Luleå University of Technology, Department of Computer Science, Electrical and Space Engineering, Computer Science.
2017 (English)Independent thesis Advanced level (degree of Master (Two Years)), 20 credits / 30 HE creditsStudent thesis
Abstract [en]

Distributed Denial of Service (DDoS) attacks is one of the most widespread security attacks to internet service providers. It is the most easily launched attack, but very difficult and expensive to detect and mitigate. In view of the devastating effect of DDoS attacks, there has been the increase on the adaptation of a network detection technique to reveal the presence of DDoS attack before huge traffic buildup to prevent service availability.

Several works done on DDoS attack detection reveals that, the conventional DDoS attack detection methods based on statistical divergence is useful, however, the large surface area of the internet which serve as the main conduit for DDoS flooding attacks to occur, makes it difficult to use this approach to detect attacks on the network. Hence this research work is focused on using detection techniques based on a deep learning technique, because it is proven as the most effective detection technique against DDoS attacks.
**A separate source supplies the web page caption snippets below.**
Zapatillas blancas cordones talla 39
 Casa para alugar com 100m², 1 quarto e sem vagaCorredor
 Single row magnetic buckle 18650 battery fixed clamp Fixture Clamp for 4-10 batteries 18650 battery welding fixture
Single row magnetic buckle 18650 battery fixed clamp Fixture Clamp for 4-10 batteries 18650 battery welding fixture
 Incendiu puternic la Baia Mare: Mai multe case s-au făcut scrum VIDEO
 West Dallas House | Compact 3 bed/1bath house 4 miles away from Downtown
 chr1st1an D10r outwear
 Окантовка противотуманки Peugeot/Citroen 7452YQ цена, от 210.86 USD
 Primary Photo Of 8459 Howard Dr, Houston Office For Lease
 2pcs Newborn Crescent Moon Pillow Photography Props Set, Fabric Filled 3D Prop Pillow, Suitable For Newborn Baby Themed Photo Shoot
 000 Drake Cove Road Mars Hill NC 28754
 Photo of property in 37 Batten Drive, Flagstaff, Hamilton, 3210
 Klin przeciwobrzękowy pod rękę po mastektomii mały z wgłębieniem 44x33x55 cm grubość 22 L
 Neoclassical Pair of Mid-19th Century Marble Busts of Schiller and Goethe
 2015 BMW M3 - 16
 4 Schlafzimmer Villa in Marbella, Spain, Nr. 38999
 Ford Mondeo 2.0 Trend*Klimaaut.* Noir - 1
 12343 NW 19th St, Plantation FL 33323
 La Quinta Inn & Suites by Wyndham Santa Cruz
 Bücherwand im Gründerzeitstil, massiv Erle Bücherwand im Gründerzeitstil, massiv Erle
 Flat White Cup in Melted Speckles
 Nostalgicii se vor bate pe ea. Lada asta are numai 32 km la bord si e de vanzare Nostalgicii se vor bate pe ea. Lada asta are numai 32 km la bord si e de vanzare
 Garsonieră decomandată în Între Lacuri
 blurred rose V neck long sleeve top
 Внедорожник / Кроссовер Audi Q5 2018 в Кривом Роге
Out of the several deep neural network techniques available, this research focuses on one aspect of recurrent neural network called Long Short-Term Memory (LSTM) and TensorFlow framework to build and train a deep neural network model to detect the presence of DDoS attacks on a network. This model can be used to develop an Intrusion Detection System (IDS) to aid in detecting DDoS attacks on the network. Also, at the completion of this project, the expectation of the produced model is to have a higher detection accuracy rates, and a low false alarm rates.

Design Science Research Methodology (DSRM) was used to carry out this project. The test experiment for this work was performed on CPU and GPU base systems to determine the base system's effect on the detection accuracy of the model.

To achieve the set goals, seven evaluating parameters were used to test the model's detection accuracy and performance on both Central Processing Unit (CPU) and Graphics Processing Unit (GPU) systems.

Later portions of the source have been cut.